• [Required work] Set down every line of the data exactly, skipping the pictures.

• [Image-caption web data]
──────────

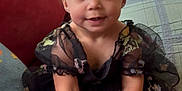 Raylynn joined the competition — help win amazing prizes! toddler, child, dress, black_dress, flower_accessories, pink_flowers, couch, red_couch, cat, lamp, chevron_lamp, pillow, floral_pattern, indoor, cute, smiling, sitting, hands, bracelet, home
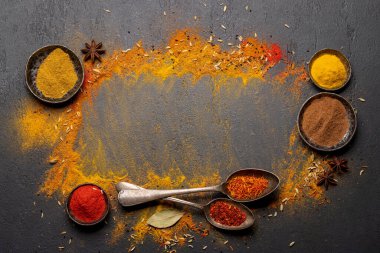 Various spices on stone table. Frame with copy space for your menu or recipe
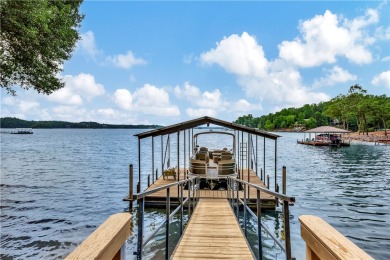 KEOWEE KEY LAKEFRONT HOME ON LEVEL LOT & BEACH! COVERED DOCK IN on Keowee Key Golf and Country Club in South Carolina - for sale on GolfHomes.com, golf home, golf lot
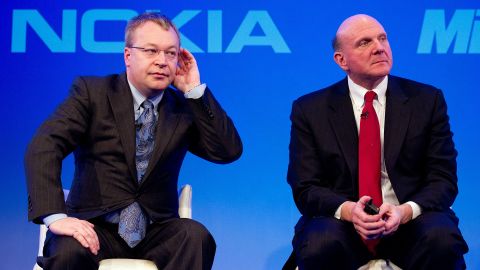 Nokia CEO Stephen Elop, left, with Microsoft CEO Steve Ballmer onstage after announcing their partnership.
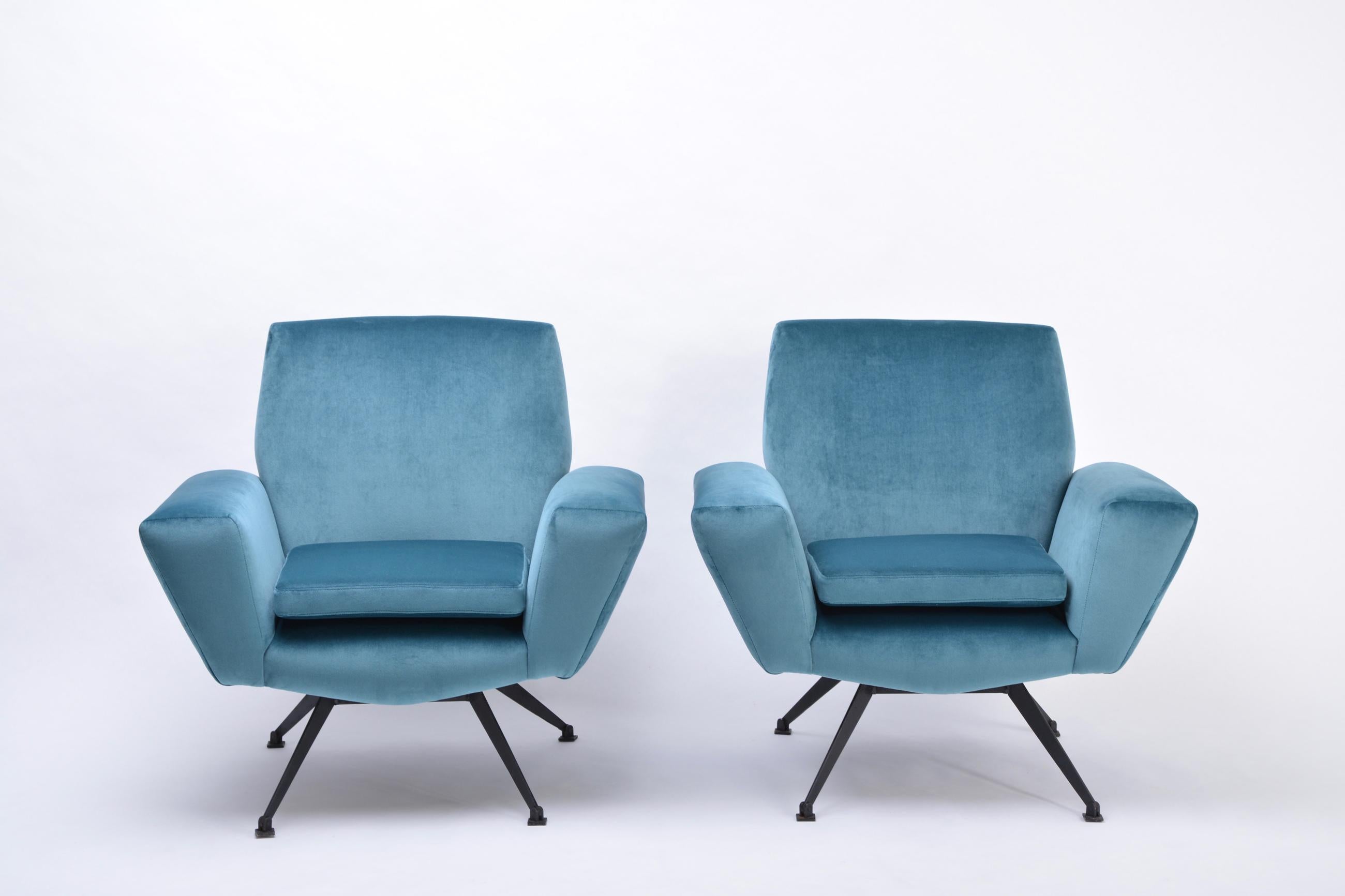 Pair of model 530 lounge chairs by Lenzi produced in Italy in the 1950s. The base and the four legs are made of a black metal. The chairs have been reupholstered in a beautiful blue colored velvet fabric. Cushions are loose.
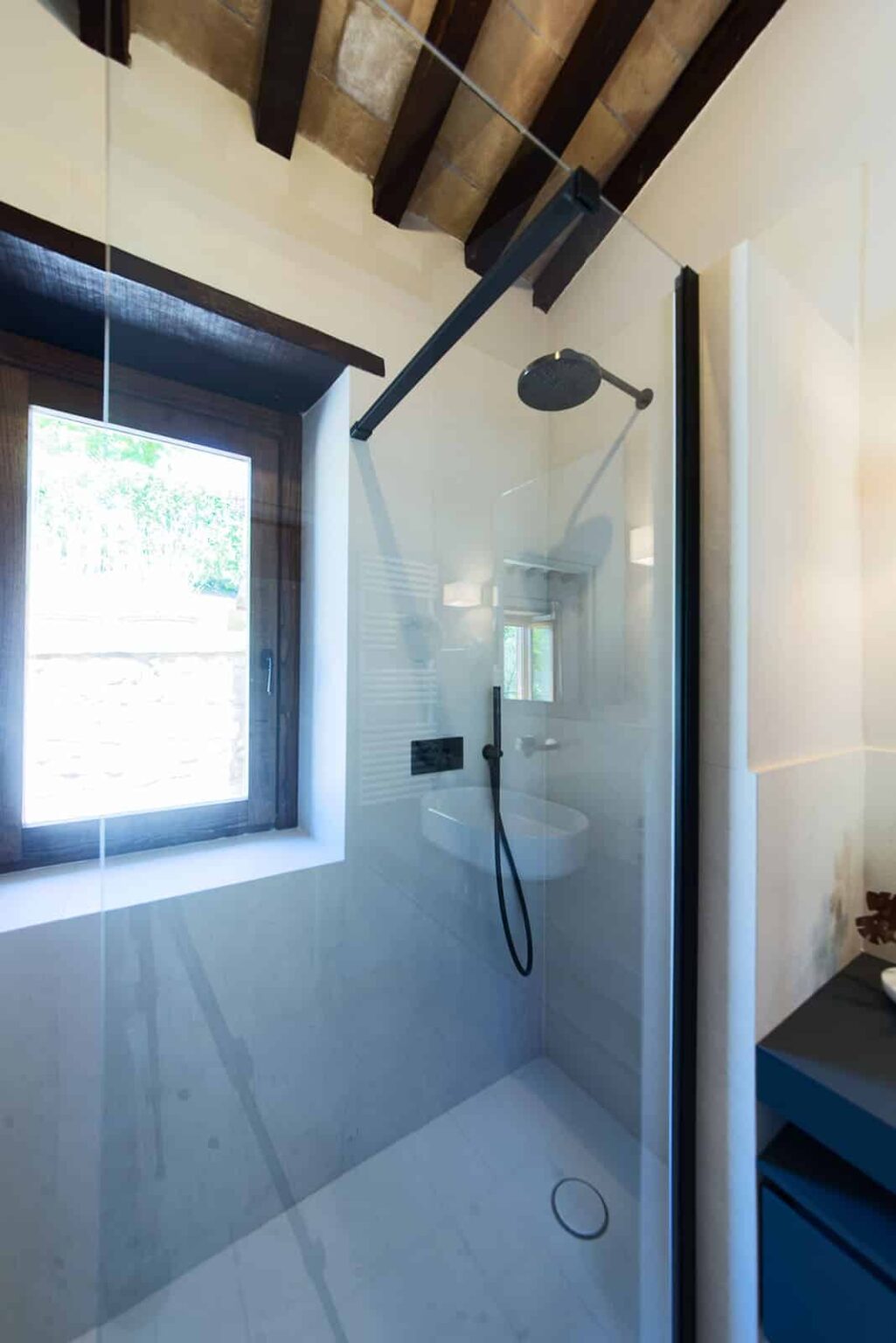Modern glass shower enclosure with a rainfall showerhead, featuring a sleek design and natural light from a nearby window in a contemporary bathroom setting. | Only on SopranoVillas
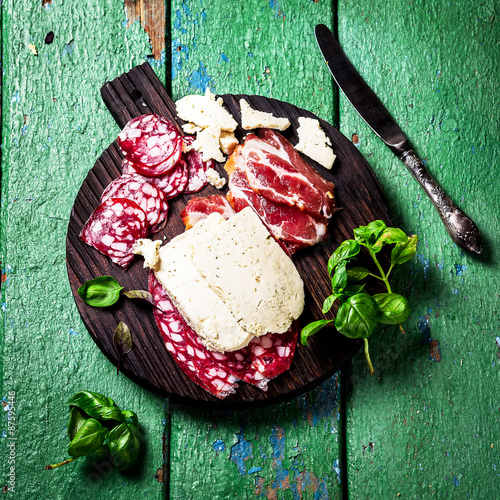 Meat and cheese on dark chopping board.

──────────

• [Completed task]
 Raylynn joined the competition — help win amazing prizes! toddler, child, dress, black_dress, flower_accessories, pink_flowers, couch, red_couch, cat, lamp, chevron_lamp, pillow, floral_pattern, indoor, cute, smiling, sitting, hands, bracelet, home
 Various spices on stone table. Frame with copy space for your menu or recipe
 KEOWEE KEY LAKEFRONT HOME ON LEVEL LOT & BEACH! COVERED DOCK IN on Keowee Key Golf and Country Club in South Carolina - for sale on GolfHomes.com, golf home, golf lot
 Nokia CEO Stephen Elop, left, with Microsoft CEO Steve Ballmer onstage after announcing their partnership.
 Pair of model 530 lounge chairs by Lenzi produced in Italy in the 1950s. The base and the four legs are made of a black metal. The chairs have been reupholstered in a beautiful blue colored velvet fabric. Cushions are loose.
Modern glass shower enclosure with a rainfall showerhead, featuring a sleek design and natural light from a nearby window in a contemporary bathroom setting. | Only on SopranoVillas
 Meat and cheese on dark chopping board.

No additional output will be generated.